Below is a listing. Write out exactly its lines between the one holding "D-HALW, Robinson R22" and the one holding "FLEXDOCK 240W Type-C", inclusive.
Segment Open
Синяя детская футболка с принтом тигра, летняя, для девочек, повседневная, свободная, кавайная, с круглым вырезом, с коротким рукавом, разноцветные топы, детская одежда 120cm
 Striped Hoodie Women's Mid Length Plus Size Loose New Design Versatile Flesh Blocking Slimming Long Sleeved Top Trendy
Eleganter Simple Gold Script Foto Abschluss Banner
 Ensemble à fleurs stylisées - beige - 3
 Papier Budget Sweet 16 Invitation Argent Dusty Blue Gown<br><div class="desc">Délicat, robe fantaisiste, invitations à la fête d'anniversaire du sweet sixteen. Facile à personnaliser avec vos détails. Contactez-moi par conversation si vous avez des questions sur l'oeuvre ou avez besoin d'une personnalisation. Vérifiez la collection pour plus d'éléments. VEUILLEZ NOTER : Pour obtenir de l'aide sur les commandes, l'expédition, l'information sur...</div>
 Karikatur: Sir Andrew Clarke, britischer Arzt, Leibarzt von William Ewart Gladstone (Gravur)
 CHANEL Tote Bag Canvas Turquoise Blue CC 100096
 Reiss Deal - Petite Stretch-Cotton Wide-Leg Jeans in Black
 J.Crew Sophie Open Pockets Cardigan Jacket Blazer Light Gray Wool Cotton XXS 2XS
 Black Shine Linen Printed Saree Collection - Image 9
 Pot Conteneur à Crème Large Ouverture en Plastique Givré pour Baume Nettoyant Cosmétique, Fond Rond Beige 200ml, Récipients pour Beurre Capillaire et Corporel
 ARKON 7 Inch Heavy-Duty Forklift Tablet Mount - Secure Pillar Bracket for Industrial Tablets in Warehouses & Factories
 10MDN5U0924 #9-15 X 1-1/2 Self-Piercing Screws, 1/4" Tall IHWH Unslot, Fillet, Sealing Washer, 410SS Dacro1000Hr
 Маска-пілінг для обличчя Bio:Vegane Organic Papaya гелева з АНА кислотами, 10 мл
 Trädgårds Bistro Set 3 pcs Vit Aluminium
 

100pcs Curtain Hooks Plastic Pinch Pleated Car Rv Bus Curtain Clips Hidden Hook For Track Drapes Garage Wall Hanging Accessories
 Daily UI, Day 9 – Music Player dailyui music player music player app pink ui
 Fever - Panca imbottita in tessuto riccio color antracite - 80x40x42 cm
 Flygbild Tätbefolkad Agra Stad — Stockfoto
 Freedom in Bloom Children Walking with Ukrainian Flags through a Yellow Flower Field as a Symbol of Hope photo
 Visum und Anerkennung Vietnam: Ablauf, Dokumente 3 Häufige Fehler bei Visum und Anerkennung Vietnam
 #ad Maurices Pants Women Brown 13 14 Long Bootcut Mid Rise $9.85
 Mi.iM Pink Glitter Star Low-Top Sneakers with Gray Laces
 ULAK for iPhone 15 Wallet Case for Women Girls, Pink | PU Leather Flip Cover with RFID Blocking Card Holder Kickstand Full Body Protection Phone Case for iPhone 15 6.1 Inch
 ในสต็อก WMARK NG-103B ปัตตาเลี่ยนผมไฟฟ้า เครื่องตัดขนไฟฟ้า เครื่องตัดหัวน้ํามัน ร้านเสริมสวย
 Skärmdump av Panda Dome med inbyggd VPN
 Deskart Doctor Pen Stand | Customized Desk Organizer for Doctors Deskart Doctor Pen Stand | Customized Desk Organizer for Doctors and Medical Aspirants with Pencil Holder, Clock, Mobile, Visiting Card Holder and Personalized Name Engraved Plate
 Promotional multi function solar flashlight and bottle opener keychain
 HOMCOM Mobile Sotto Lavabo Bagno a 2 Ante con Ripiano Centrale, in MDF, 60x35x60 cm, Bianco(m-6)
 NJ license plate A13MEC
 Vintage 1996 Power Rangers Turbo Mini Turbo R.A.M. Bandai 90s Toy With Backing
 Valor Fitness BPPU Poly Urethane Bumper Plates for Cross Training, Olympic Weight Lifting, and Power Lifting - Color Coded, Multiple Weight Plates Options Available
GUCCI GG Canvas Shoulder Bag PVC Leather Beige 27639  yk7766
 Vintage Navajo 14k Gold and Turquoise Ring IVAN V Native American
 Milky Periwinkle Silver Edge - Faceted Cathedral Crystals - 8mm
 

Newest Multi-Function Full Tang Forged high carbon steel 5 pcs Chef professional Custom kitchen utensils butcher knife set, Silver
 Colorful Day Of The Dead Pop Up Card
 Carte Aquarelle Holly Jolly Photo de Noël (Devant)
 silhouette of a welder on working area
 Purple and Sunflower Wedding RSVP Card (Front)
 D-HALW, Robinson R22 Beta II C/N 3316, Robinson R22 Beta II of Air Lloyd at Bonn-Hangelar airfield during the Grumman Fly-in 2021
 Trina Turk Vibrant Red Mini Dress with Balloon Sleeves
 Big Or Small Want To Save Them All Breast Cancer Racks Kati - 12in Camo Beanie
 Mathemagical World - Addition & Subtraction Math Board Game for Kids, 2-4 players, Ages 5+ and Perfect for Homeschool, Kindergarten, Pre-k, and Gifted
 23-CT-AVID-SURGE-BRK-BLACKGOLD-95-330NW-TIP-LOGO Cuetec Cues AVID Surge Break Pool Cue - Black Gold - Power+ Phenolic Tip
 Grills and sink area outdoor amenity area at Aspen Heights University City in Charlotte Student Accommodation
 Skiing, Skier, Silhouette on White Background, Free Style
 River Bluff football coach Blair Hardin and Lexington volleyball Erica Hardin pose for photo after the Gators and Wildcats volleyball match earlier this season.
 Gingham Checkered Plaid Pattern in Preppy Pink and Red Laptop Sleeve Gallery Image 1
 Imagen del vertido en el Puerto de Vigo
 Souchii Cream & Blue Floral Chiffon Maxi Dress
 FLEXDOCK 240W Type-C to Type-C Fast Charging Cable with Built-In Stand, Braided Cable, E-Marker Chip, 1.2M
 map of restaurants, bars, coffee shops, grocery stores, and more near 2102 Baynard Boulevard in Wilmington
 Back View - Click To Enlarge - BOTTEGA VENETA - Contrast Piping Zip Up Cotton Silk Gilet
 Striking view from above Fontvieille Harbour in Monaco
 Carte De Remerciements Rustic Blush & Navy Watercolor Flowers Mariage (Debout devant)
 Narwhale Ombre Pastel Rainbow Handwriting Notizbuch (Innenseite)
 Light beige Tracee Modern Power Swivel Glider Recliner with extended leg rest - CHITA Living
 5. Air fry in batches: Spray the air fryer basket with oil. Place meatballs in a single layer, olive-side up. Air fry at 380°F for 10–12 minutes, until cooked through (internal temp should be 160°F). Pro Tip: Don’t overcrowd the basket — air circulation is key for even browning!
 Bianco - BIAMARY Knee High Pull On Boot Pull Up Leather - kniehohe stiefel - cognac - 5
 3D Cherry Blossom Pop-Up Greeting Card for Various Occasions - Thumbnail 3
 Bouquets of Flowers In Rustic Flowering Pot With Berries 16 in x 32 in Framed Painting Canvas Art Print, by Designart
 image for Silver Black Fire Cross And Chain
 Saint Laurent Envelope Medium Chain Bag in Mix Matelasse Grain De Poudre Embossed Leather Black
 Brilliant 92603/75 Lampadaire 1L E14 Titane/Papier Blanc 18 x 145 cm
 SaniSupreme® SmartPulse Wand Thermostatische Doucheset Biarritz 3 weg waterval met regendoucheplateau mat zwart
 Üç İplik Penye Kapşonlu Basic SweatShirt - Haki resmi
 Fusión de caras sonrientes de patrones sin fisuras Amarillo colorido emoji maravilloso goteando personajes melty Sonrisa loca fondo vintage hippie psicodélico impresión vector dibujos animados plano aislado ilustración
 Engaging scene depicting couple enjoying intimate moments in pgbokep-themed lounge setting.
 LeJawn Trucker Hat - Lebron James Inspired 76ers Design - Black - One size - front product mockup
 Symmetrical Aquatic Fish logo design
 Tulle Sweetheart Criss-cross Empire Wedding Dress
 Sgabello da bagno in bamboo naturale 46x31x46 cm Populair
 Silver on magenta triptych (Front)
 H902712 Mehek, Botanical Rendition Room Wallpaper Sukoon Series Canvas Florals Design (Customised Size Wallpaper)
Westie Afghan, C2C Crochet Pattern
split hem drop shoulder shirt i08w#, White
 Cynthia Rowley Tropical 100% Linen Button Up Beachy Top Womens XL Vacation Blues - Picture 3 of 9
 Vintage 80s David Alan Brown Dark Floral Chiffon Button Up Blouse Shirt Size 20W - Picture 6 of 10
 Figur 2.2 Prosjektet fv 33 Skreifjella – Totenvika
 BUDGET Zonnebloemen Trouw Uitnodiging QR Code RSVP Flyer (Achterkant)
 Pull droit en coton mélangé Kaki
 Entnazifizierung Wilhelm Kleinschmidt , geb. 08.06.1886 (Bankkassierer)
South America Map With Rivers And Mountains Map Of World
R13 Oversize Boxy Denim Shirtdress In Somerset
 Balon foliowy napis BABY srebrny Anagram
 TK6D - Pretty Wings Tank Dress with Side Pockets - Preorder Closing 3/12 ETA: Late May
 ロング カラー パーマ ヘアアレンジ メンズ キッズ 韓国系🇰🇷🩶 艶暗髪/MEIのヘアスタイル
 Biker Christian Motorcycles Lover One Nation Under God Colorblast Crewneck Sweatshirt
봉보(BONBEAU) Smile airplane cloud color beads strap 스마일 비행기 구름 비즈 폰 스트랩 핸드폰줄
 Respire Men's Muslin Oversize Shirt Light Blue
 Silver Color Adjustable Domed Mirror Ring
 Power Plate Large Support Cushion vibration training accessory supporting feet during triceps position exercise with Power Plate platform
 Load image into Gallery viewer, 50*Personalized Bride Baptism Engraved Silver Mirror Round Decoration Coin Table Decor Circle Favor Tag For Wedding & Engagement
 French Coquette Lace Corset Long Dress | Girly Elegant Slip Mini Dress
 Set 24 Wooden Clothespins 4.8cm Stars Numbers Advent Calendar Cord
Segment Closed
SOLUTION BELOW —
 D-HALW, Robinson R22 Beta II C/N 3316, Robinson R22 Beta II of Air Lloyd at Bonn-Hangelar airfield during the Grumman Fly-in 2021
 Trina Turk Vibrant Red Mini Dress with Balloon Sleeves
 Big Or Small Want To Save Them All Breast Cancer Racks Kati - 12in Camo Beanie
 Mathemagical World - Addition & Subtraction Math Board Game for Kids, 2-4 players, Ages 5+ and Perfect for Homeschool, Kindergarten, Pre-k, and Gifted
 23-CT-AVID-SURGE-BRK-BLACKGOLD-95-330NW-TIP-LOGO Cuetec Cues AVID Surge Break Pool Cue - Black Gold - Power+ Phenolic Tip
 Grills and sink area outdoor amenity area at Aspen Heights University City in Charlotte Student Accommodation
 Skiing, Skier, Silhouette on White Background, Free Style
 River Bluff football coach Blair Hardin and Lexington volleyball Erica Hardin pose for photo after the Gators and Wildcats volleyball match earlier this season.
 Gingham Checkered Plaid Pattern in Preppy Pink and Red Laptop Sleeve Gallery Image 1
 Imagen del vertido en el Puerto de Vigo
 Souchii Cream & Blue Floral Chiffon Maxi Dress
 FLEXDOCK 240W Type-C to Type-C Fast Charging Cable with Built-In Stand, Braided Cable, E-Marker Chip, 1.2M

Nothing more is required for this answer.